Open PhilippWendler opened this issue 6 years ago • 2 comments

Currently it is not properly defined which versions of standard libraries we assume for the native binaries we ship, i.e., on which distributions in which versions these binaries are usable. This is bad for users and for developers.

We should decide on a set of libraries and versions that we allow as dependencies. The Python community has a similar problem for Python libraries with bundled native binaries, and has established the manylinux2010 platform. Binaries built for this platform are expected to run on almost all current Linux distributions. Thus I suggest we adopt this platform and the set of libraries and versions it defines.

After this is decided, we should create a proper way to build our binaries automatically that ensures this compatibility, e.g., by a scripts using the official manylinux2010 Docker image or a VM (would also fix #74).

PhilippWendler avatar Apr 23 '18 04:04 PhilippWendler

We might aim towards using Ubuntu 18.04 as a basic platform for building and executing our solvers. Some users currently have Ubuntu 16.04 that has LTS until 2021. This version could also be chosen as a basic system. With the upcoming change towards Java 11 older systems (including even Ubuntu 16.04) might also get out-of-scope.

Additionally, we might want to remove any code that was especially added for older platforms.
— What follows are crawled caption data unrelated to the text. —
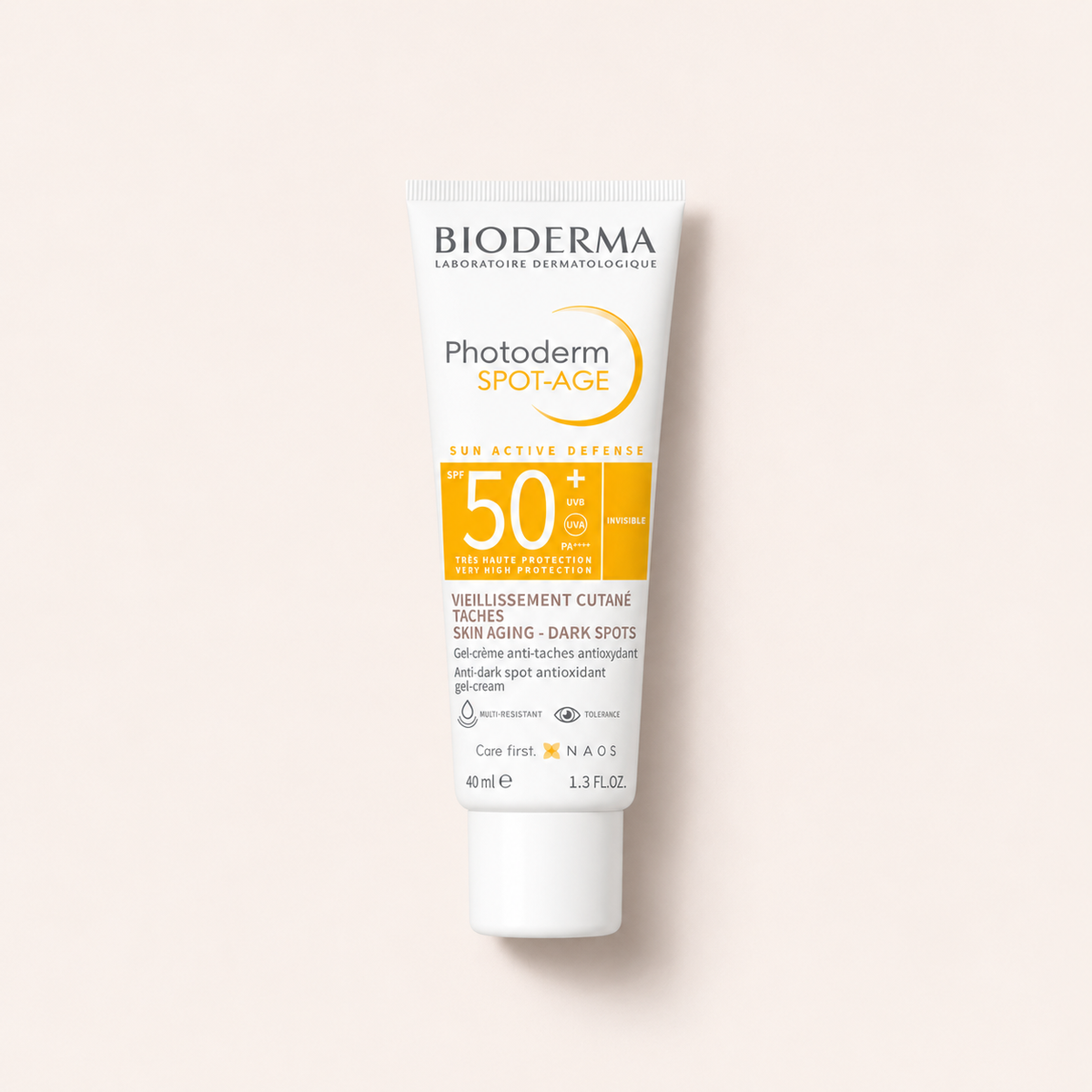 BIODERMA Photoderm Spot-Age 40 ml – opalovací přípravek na obličej – MrRizz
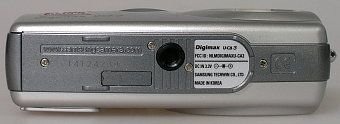 Samsung Digimax U-CA 3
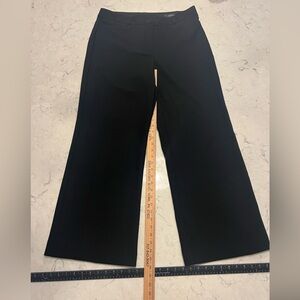 LOFT - Classic Black Curvy Trousers - Well Tailored. Sz 12.
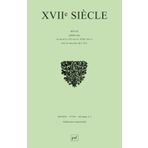 XVIIe siècle 2014, n° 263: Le père Rapin : bilan critique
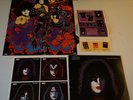 Paul Stanley Solo LP Casablanca NBLP 7123 1978  Kiss w/ Poster + Merch Form VG+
For example, our MathSAT5 library seems to be build for and run on Ubuntu 10.04. I do not expect someone to use such an old system any longer.

kfriedberger avatar Aug 06 '19 10:08 kfriedberger

I would not require something as new as Ubuntu 18.04. Java 11 is easily installable on Ubuntu 16.04 with a PPA. Users will want to use JavaSMT on StarExec, which is probably even older, and this platform is an important use case.

And what benefit would we have of requiring something newer? If we have a properly defined platform (which we need anyway) than we need to build it using that platform, and it does not produce more effort if that platform is older or newer.

So why not use something like manylinux (currently available as manylinux2014)?